Но в небе запылал огонь закатный,
Базарного конец приходит дня,
И нехотя, сбираясь в путь обратный,
Опять садится Пушкин на коня.
Вероятно, наши дети на всю жизнь запомнят пушкинские торжества 1937 года.
Дело тут не только в том, что они участвовали в концертах, карнавалах, написали множество стихов и внимательно прочитали Пушкина.
Нет, этот пушкинский год сыграл в жизни наших детей серьезную роль. Он, несомненно, наложил свою печать на литературные вкусы тех поколений, которые не сегодня-завтра будут решать судьбы советского искусства.
* * *
Это о детях.
А теперь несколько слов о Пушкине и о датской литературе.
В последний месяц во всех городах и колхозах, на фабриках и в красноармейских полках шля многочисленные небывалые собрания читателей.
Собрание, которое происходит здесь сейчас, несколько отличается от других. В нем участвуют не читатели, а писатели, то есть люди, которым имя Пушкина должно быть особенно близко.
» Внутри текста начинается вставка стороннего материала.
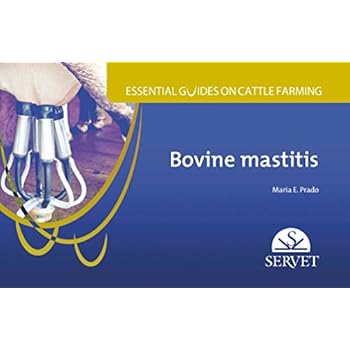 Essential guides on cattle farming. Bovine Mastitis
Ведь они заняты тем делом, которым занимался и сам Пушкин: пишут книги.
Наши поэты могут — с большим или меньшим правом — претендовать на звание наследников Пушкина по поэтической линии.
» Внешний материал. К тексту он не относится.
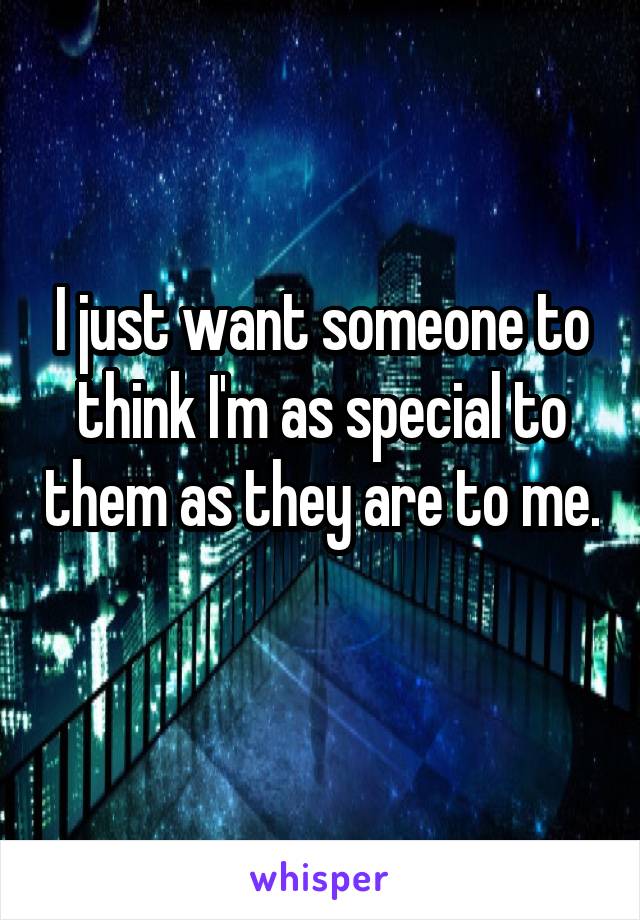 I just want someone to think I'm as special to them as they are to me.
Наши повествователи — по линии прозаической.
Писатели-историки могут вести родословную своих повестей и романов от «Капитанской дочки» и «Арапа Петра Великого».
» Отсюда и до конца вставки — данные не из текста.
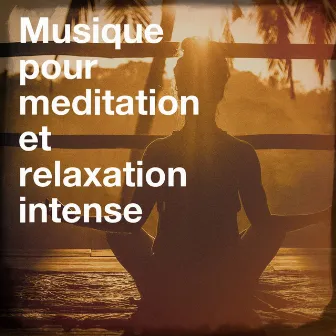 Musique Pour Méditation Et Relaxation Intense by Soothing Mind Music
А вот какое отношение имеет к Пушкину детская литература? Как известно, Пушкин детским писателем не был.
Естественнее всего было бы тут ухватиться за пушкинские сказки. Ведь сказка — это излюбленный и основной жанр детской литературы. Но я пока подожду говорить о сказках — тем более что написаны они были не для детей, а для всех читателей без различия возраста.
Итак, сказки мы оставим пока в стороне.
2
27 января 1837 года, за несколько часов до своей дуэли, Пушкин написал несколько слов детской писательнице А. О. Ишимовой.
Кончается его записка так:
«Сегодня я нечаянно открыл Вашу Историю в рассказах и поневоле зачитался. Вот как надобно писать!..»
Это письмо было последним из его писем, а детская книга, о которой он упоминает, была последней, или, во всяком случае, одной из последних раскрытых Пушкиным книг.
Говоря здесь об этом, я вовсе не хочу сказать, что литература для детей была настолько близка сердцу Пушкина, что он отдал ей последние часы своей жизни.
Конечно, он раскрыл книгу Ишимовой случайно. Конечно, в этот день ему могла подвернуться под руку и какая-нибудь другая книга — роман, поэма или драма.
Но как бы то ни было, он взялся за детскую книжку. Она оказалась в числе других у него на столе, и что-то в ней его, несомненно, заинтересовало. Ведь не стал бы он читать в такие минуты то, что ему было совсем чуждо, безразлично и скучно.
Для того, кто знает Пушкина, понятен его интерес к этой книге, которая только тем и знаменита, что Пушкин читал ее перед смертью.
Он был литератором в настоящем и большом смысле этого слова.
Его внимание привлекали все жанры отечественной литературы, в том числе и рассказы из русской истории для детей.
И не только литератором был он. Его интересы простирались значительно дальше. Он был государственным человеком, несмотря на то, что в николаевском государстве не было места для таких людей, как он.
3
Нам, людям, которые работают над созданием литературы для детей, над исторической, географической, сказочной, научно-фантастической книгой нашего времени, — нам следует помнить не только того Пушкина, которого забыть невозможно, не только Пушкина-поэта.
Мы должны помнить, что Пушкин был одним из самых разносторонних людей своего времени. Его интересовал весь мир — и английская паровая машина, и камчатские дела, и быт североамериканских индейцев.
В 1836 году он частью перевел, частью пересказал для своего журнала записки Джона Теннера,[335] — человека, прожившего тридцать лет среди индейцев. Читая эту историю, не знаешь, чему удивляться: редакторской ли самоотверженности Пушкина, который не поленился перевести на русский язык документальную, непритязательную прозу Теннера, или замечательной политической остроте и меткости пушкинского предисловия.
Пушкин был настоящим селекционером литературных жанров. В его журнале «Современник» нет случайных компромиссных статей. Каждая напечатанная там вещь, — будь это повесть, или заметка, или рецензия, — прокладывает дорогу новым видам литературного искусства.